Com a aprovação do texto básico do projeto de lei que dá autonomia ao Banco Central (BC) na Câmara dos Deputados, o tema avança depois de quase 30 anos de debates.
Ainda faltam as emendas, rejeitadas em bloco pelo relator, mas a maioria formada (339 votos a favor e 114 contrários) permite prever que agora a aplicação da regra só depende da sanção de Jair Bolsonaro, porque o Senado já aprovou a medida em novembro de 2020.
O principal argumento favorável à autonomia do BC, que tem como principal instrumento o "descasamento" dos mandatos entre o presidente da República e a diretoria da instituição, é exatamente a blindagem da chamada "autoridade monetária" contra influências políticas. O estresse provocado pelo presidente Jair Bolsonaro a partir da quinta-feira (4) sobre o preço dos combustíveis ilustra bem a necessidade de dar autonomia à atuação do BC.
O papel mais conhecido da instituição é calibrar a taxa de juro para conter a inflação e proteger o valor do real, mas entre suas funções também estão a supervisão do sistema financeiro, portanto o comando da política de crédito, e também a administração do câmbio – na véspera, o BC teve de intervir no mercado para reduzir a alta do dólar provocada por temores em relação à volta do auxílio emergencial sem corte equivalente de despesas.
Do ponto de vista do mercado financeiro, um BC autônomo significa que essas funções serão desempenhadas sem comando do interesse eleitoral. Uma cicatriz recente foi a atuação da política monetária no governo Dilma, quando houve forte redução do juro durante período de alta de inflação (agora está ocorrendo uma situação semelhante, embora não idêntica, porque a forte recessão de 2020 justifica a manutenção de taxa baixa). A imagem do Brasil no Exterior tende a melhorar, ao menos nesse aspecto, com um BC autônomo.
As maiores críticas sobre a autonomia se concentram no excesso de poder conferido a um técnico que não se elegeu para comandar três políticas públicas essenciais. Como se trata de "autonomia", não "independência" (confira detalhes abaixo), o BC perseguirá metas definidas por ministros indicados pelo eleito.
Se o projeto for aprovado, o próximo presidente do BC só vai assumir no terceiro ano do mandato do próximo presidente da República, e a diretoria também terá períodos descasados: dois integrantes entram a cada ano dos quatro do mandato presidencial. Assim, o atual comandante da instituição, Roberto Campos Neto, poderia ficar quase 10 anos no cargo, na hipótese de reeleição de Jair Bolsonaro e de sua recondução ao posto.

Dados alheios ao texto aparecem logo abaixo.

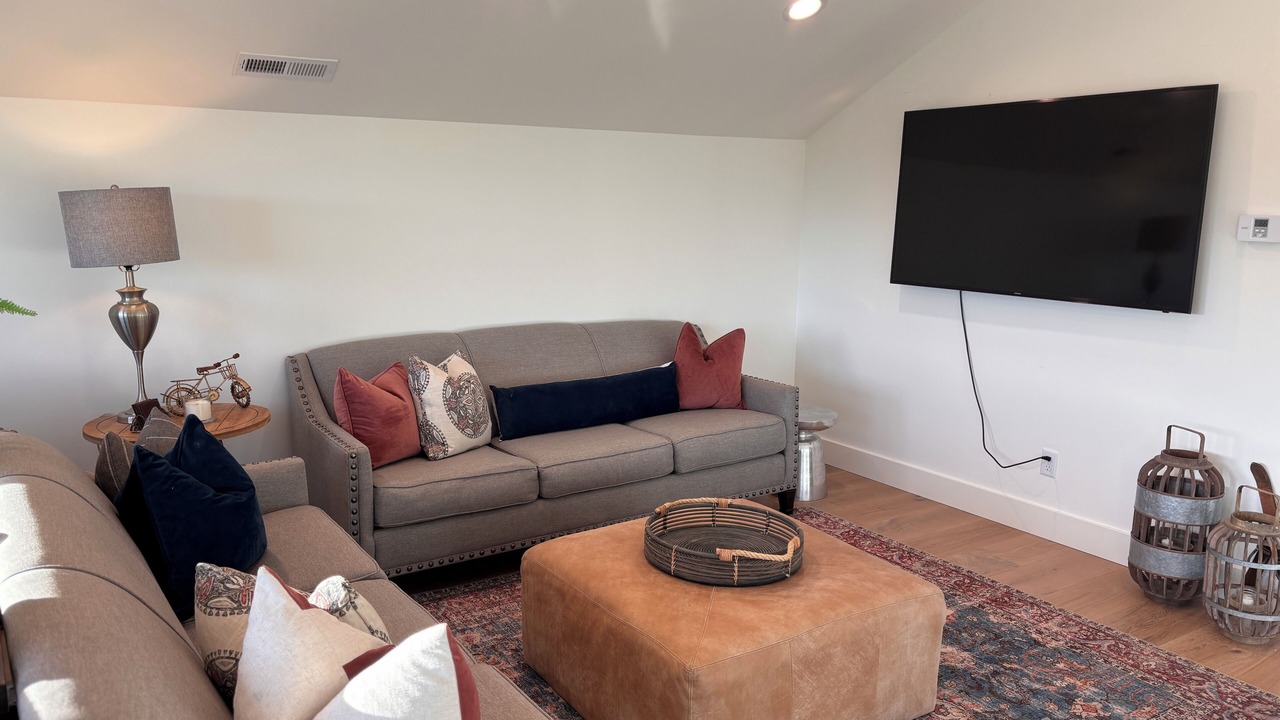 Photo of Livingroom in Victor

O cálculo provocou alguma polêmica, embora até a véspera da eleição de Arthur Lira para a presidência da Câmara Campos Neto tenha se comportado de forma técnica. Sua presença em uma festa na casa do ministro das Comunicações, Fabio Faria, para acompanhar a votação e torcer por Lira, arranhou ligeiramente essa imagem. O compromisso não constava na agenda, como deveria, e ele não quis comentar. Então, a autonomia depende muito do compromisso do presidente com a cláusula.
Entenda as mudanças
Autonomia: há diferença entre "autonomia" e "independência". O BC do Brasil não será independente para definir suas próprias metas, que seguem sob responsabilidade do Conselho Monetário Nacional (CMN), formado pelo presidente do BC, pelo ministro da Economia e pelo secretário especial da Fazenda. O que caracteriza a autonomia é a impossibilidade de demissão sumária pelo presidente da República. Se houver necessidade de troca, terá de ser aprovada no Senado.
Papel do BC: a estabilidade de preços continua a ser o principal objetivo, mas também terá de fomentar o pleno emprego, além de zelar pela eficiência do sistema financeiro e suavizar flutuações da atividade econômica. Se houver conflito entre essas missões, prevalece a de controlar a inflação.

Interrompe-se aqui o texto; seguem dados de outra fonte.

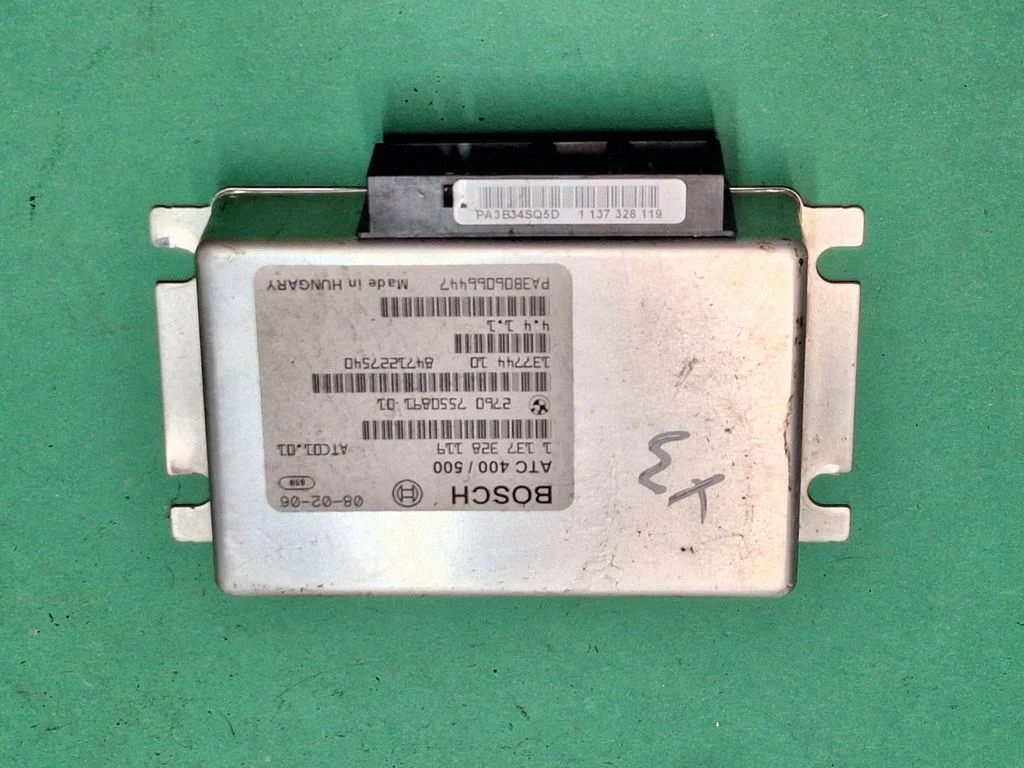 Pavarų dėžės valdymo blokas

Mandatos: serão fixos, de quatro anos, para o presidente e a diretoria do BC, e não vão coincidir com o do presidente da República. O presidente do BC passará a assumir no terceiro ano de mandato do chefe de Estado, como já ocorre nos Estados Unidos. Cada diretor poderá ser reconduzido ao cargo uma única vez.
Sem status de ministro: para "compensar" a falta de autonomia, hoje o presidente do BC tem status de ministro, apesar de estar subordinado ao Ministério da Economia. Com a autonomia, perde esse status e se desvincula do ministério.